Restate exactly, and only, the lines from the one with "(1) 2017 E-Z-Go" through the end of the data, with both of those end lines kept. Drop any pictures.

□ □ □

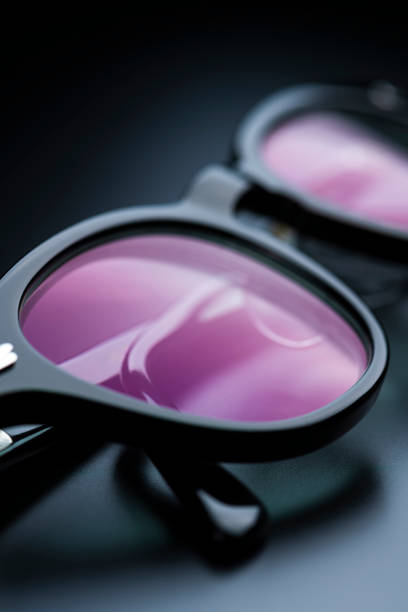 Close-up of eyeglass lenses on a black background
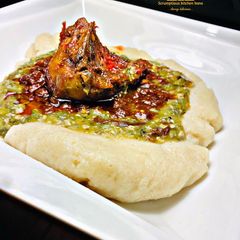A picture of Semovita (swallow)with okra soup and stew.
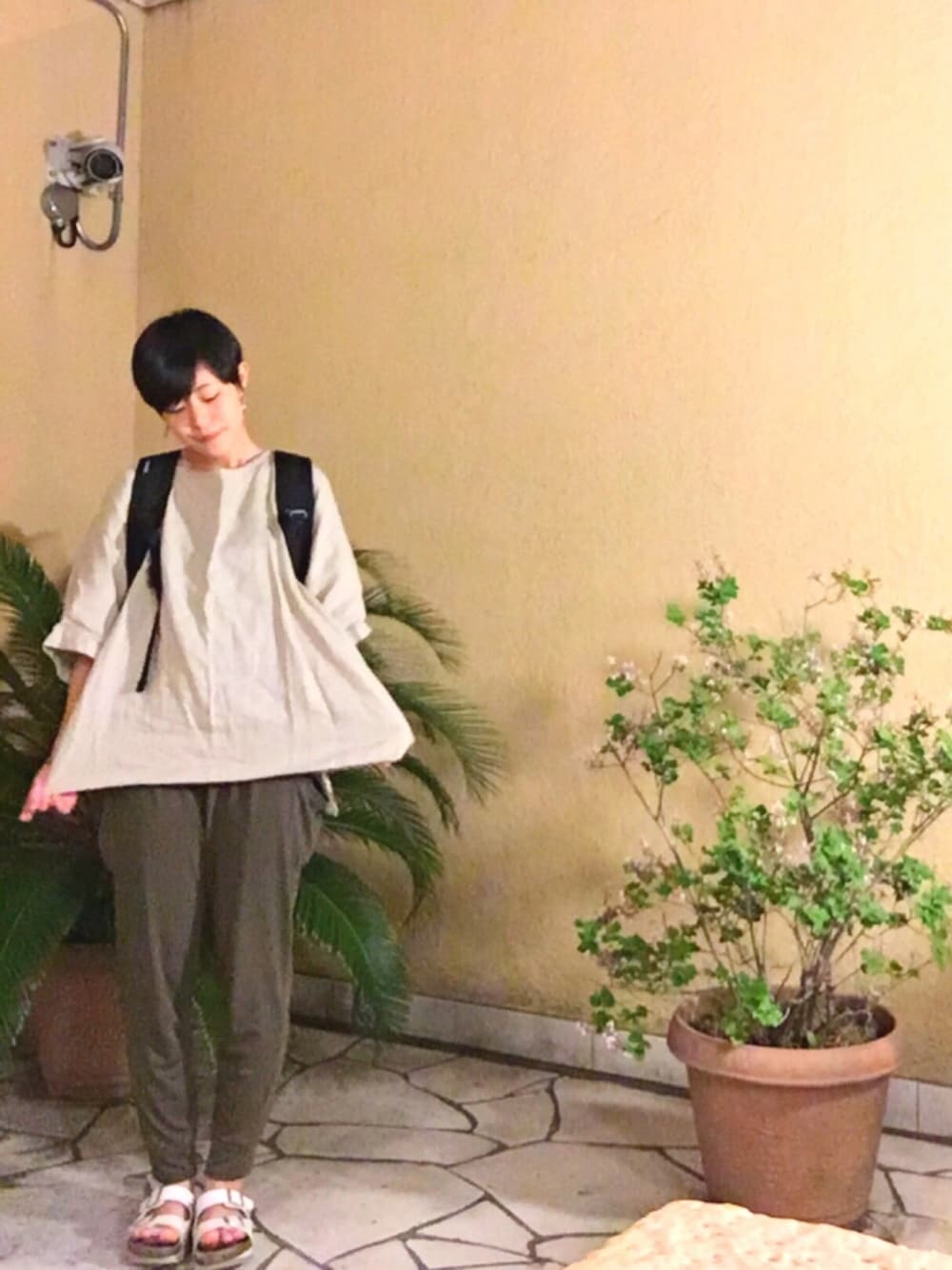 ブラック系のバックパック/リュック、ベージュ系のチュニック、ホワイト系のサンダルを着用したレディースの春コーディネートの1枚目の写真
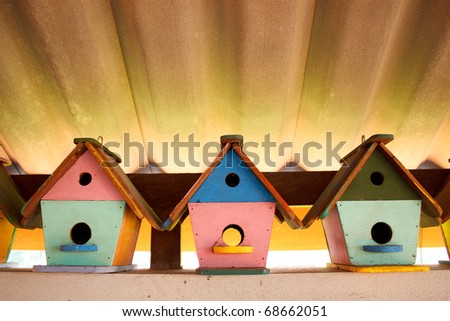 Colorful bird houses under the roof with nice lighting and leading lines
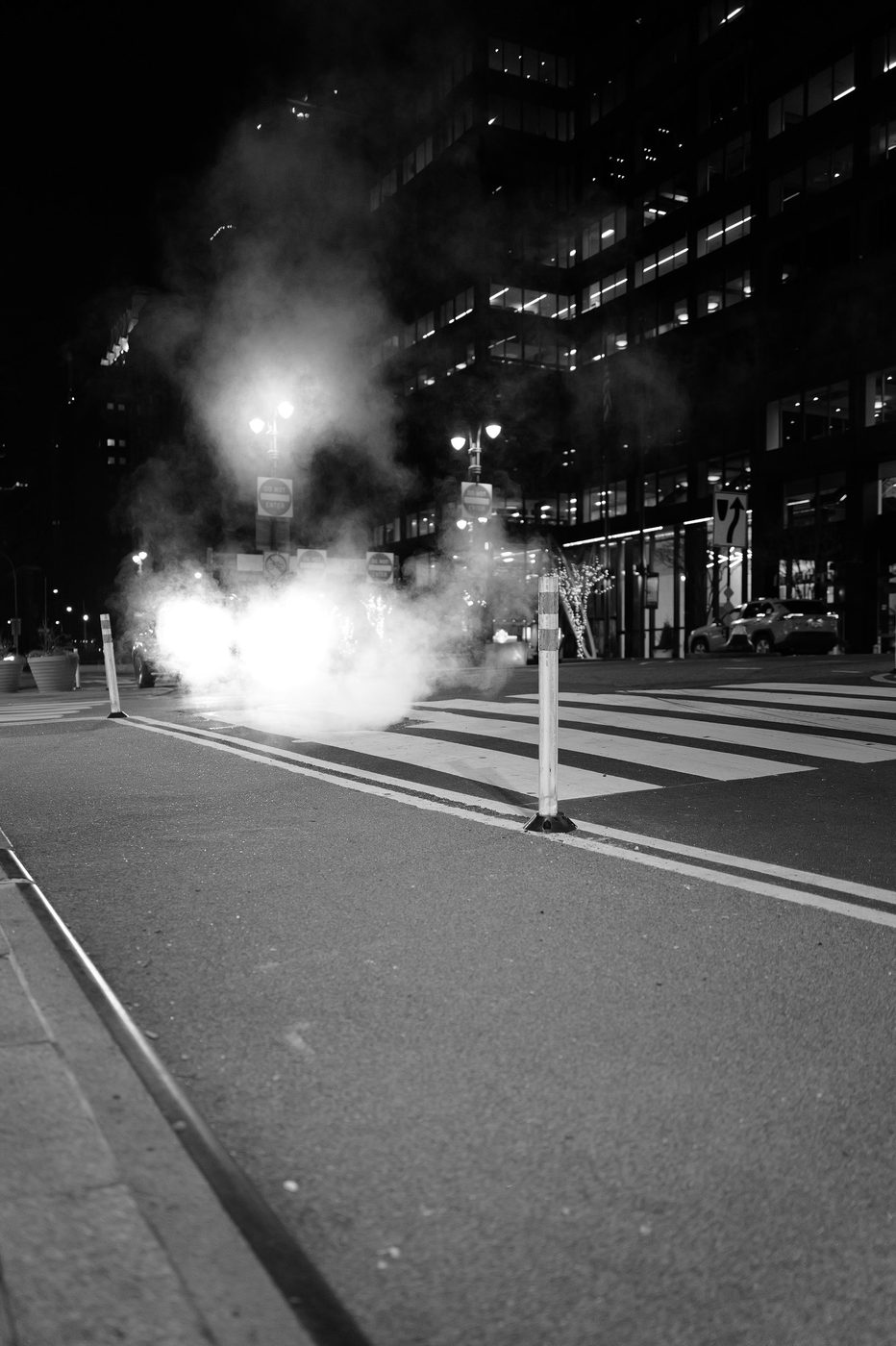 Steam lit up by headlights in the middle of a crosswalk at night, New York
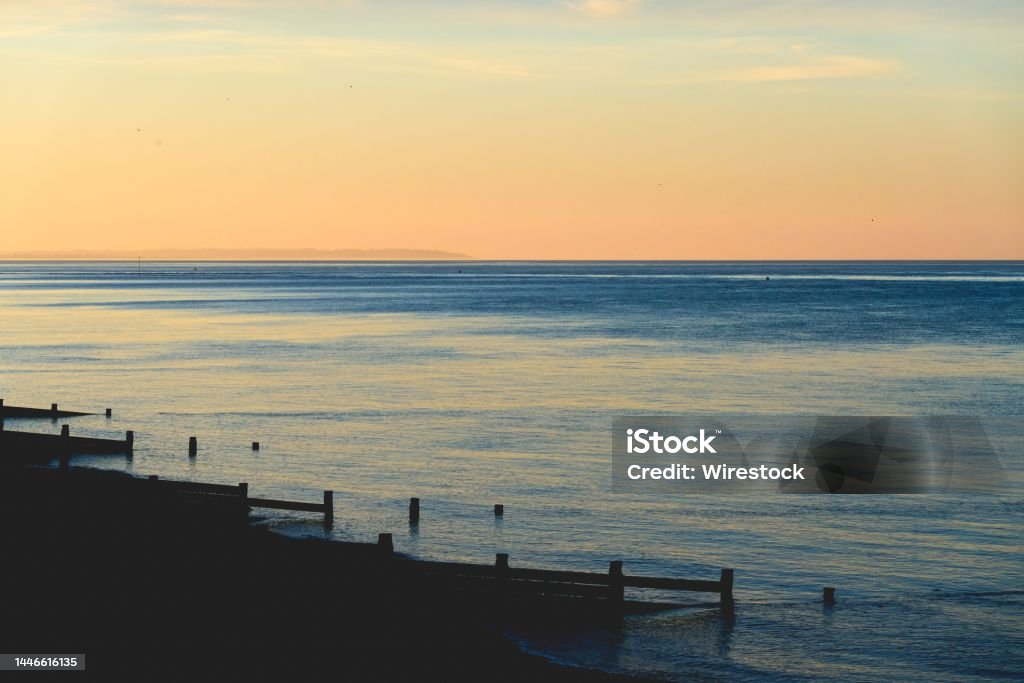 Beautiful sunset off the coast of Herne Bay in the UK A beautiful sunset off the coast of Herne Bay in the UK Beach Stock Photo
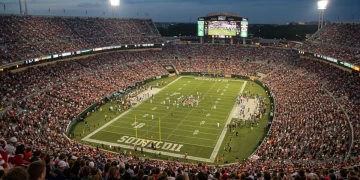 College Football Bowl Game Payouts 2025: Financial Implications & Revenue Aerial view of a college football bowl game stadium at night, packed with fans.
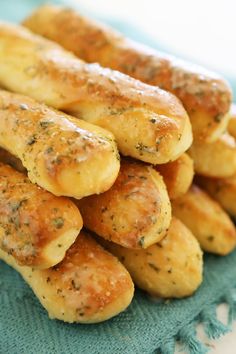 there is a pile of breadsticks that are sitting on a blue cloth with some seasoning sprinkled on them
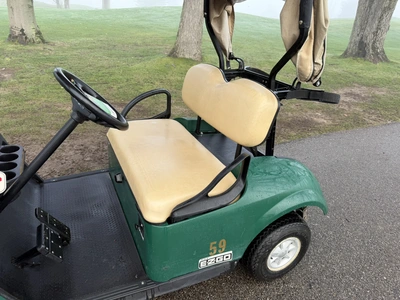 (1) 2017 E-Z-Go golf cart with a Kawasaki gas engine, model 625111G01, includes canopy, ball cover, ...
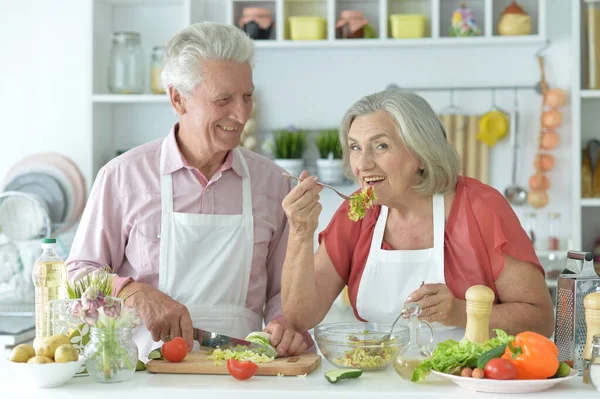 快乐的老夫妇在厨房一起做沙拉 图库照片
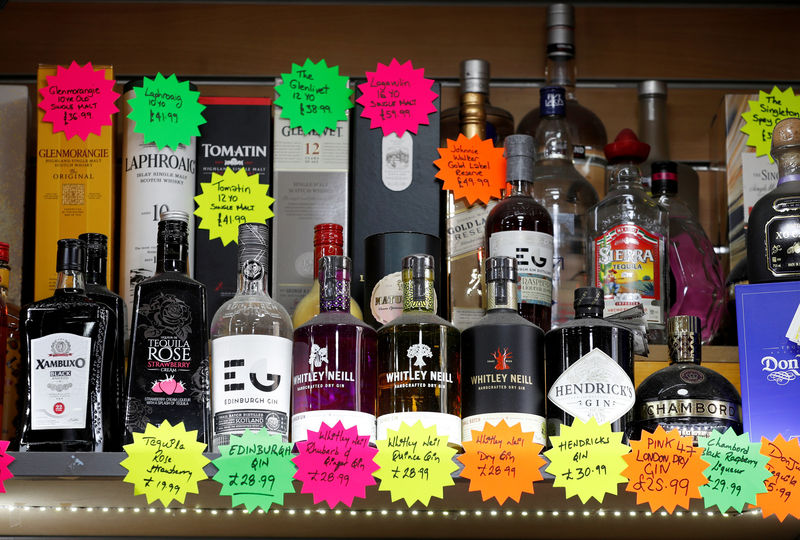 © Reuters. FILE PHOTO: Bottles of alcoholic beverages are seen for sale in a shop in Glasgow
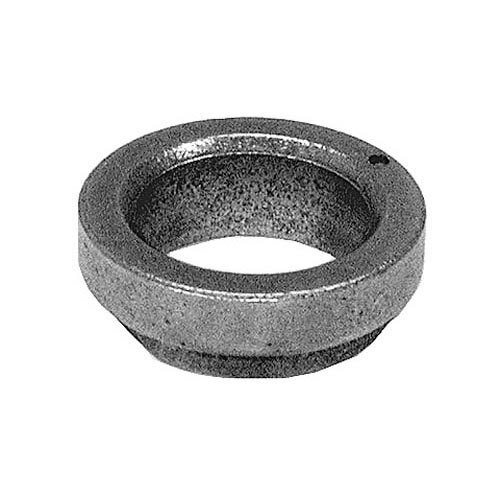 A close-up of a round metal Waring motor bushing with a hole in it.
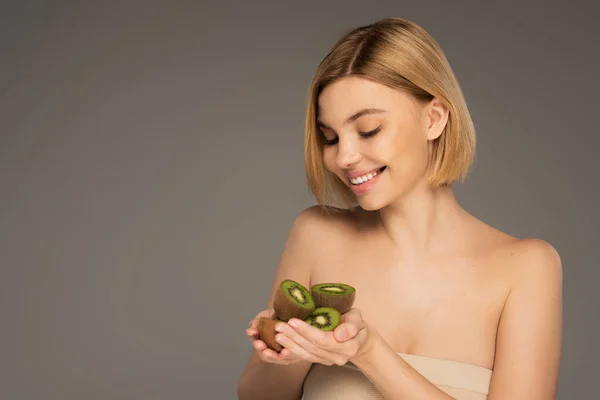 Young woman with naked shoulders looking at pile of kiwi fruit isolated on grey — Photo de stock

□ □ □

Exercise solution -
 (1) 2017 E-Z-Go golf cart with a Kawasaki gas engine, model 625111G01, includes canopy, ball cover, ...
 快乐的老夫妇在厨房一起做沙拉 图库照片
 © Reuters. FILE PHOTO: Bottles of alcoholic beverages are seen for sale in a shop in Glasgow
 A close-up of a round metal Waring motor bushing with a hole in it.
 Young woman with naked shoulders looking at pile of kiwi fruit isolated on grey — Photo de stock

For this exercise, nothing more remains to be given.